Our family teas (dinner was lunch in Yorkshire) were the same every week I think. Sausages, lamb chops, stew, pork chops, fish and chips on a Friday as we were Catholics, steak and kidney pudding and then the Sunday roast. She used to go to a freezer shop and admitted to me as she was dying that she always spent a lot on meat even when money was tight.
Mum was great at cooking for the family but she came into her own when she was entertaining. If my adult brothers brought visitors, there would be a party buffet put on with a dressed salmon and stuff like you might see on an episode of Downton Abbey. The tablecloths would be embroidered by her too.
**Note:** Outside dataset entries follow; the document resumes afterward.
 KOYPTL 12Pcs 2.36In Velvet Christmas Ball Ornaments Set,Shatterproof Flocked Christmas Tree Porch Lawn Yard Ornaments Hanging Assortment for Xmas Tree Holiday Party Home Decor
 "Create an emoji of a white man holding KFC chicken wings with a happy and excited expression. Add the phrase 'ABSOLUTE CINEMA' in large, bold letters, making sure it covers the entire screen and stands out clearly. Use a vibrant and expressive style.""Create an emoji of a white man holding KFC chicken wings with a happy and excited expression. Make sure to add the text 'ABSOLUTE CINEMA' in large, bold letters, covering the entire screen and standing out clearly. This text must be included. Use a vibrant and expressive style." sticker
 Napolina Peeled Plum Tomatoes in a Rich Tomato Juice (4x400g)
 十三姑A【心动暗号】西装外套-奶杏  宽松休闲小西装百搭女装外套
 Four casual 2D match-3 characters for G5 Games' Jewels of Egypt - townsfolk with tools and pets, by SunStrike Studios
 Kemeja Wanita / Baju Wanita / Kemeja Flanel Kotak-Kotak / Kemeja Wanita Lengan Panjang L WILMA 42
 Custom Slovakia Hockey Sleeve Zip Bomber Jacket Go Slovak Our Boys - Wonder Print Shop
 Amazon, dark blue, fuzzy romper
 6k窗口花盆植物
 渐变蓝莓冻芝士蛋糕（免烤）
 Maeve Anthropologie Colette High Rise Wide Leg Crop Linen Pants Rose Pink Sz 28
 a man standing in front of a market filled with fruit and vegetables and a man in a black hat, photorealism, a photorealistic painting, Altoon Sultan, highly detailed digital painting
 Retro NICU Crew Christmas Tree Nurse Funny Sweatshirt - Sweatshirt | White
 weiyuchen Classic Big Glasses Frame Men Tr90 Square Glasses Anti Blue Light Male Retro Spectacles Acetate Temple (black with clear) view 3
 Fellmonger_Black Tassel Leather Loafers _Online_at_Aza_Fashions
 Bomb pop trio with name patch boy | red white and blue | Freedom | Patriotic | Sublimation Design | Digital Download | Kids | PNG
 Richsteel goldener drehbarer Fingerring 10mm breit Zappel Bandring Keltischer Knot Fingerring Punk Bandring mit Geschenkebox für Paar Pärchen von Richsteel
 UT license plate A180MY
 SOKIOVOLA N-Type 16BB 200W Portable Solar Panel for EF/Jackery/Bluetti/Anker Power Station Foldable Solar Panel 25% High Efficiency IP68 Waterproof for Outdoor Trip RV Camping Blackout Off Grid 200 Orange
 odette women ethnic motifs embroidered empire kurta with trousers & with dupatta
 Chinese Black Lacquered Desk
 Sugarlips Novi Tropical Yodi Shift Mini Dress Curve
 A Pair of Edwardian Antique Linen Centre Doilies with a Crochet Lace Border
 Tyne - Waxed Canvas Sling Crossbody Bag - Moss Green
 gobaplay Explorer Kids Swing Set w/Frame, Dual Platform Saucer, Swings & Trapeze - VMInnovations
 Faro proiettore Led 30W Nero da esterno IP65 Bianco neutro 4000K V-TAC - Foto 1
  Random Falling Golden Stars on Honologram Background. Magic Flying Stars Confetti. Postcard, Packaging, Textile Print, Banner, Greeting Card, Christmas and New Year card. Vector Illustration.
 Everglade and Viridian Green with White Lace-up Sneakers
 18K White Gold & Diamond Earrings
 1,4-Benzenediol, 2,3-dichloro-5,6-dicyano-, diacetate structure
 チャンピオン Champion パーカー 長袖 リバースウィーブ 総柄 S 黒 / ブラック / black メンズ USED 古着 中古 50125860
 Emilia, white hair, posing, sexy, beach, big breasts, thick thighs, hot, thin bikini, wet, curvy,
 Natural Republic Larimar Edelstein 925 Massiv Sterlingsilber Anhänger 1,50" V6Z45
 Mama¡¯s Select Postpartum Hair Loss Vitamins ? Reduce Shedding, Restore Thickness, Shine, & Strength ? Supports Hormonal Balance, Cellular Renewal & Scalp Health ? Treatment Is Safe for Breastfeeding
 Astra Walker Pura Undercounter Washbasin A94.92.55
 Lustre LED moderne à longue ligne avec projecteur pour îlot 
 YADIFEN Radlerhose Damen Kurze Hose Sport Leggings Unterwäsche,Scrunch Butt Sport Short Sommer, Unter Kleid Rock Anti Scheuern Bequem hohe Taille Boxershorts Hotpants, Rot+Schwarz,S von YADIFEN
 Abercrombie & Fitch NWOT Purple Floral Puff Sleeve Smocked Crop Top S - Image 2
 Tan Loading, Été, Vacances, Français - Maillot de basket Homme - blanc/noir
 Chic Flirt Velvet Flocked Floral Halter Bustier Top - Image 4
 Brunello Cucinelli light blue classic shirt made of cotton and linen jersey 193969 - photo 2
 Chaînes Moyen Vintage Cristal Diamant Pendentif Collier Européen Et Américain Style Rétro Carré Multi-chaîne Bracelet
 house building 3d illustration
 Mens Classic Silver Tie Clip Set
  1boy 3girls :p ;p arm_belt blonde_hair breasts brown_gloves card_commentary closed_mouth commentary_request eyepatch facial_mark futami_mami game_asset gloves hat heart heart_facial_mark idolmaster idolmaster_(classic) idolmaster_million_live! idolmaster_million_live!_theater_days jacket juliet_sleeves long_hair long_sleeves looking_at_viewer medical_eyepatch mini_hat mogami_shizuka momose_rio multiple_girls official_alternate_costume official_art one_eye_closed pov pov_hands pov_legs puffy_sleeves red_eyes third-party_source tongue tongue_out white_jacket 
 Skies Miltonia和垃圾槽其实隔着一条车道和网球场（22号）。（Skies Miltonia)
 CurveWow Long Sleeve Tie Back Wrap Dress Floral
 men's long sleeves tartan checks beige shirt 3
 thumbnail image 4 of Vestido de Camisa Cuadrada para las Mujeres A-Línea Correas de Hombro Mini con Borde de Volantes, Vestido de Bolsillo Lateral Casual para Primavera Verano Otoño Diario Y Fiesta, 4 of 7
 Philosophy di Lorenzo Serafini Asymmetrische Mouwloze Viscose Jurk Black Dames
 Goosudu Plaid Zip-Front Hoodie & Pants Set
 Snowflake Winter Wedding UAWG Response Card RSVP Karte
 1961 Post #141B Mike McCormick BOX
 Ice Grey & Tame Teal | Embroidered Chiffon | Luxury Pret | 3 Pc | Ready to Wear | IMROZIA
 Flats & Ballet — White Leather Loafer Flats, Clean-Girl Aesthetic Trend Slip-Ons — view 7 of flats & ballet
Mum’s baking raised loads of money over the years for the church and other good causes. Our house was always full of tins with her name label on them so that her scones did not get mixed up with those of other people.
I remember Mum being at her happiest when she ran a restaurant at the local squash club. She bought the food, devised the menus, cooked the food, served the food and washed up afterwards. She was brilliant at the front of house stuff too. Another gift I did not inherit.
I like to think I am a good cook. It is clear to me that I must have learned by watching my Mum at work.
A couple of weeks ago, I came across her file of recipes. I am really looking forward to trying them out and it was lovely to see Mum’s handwriting again too. The recipe is for Feather Cake and she always said it was the only thing my Auntie Margaret made better than her.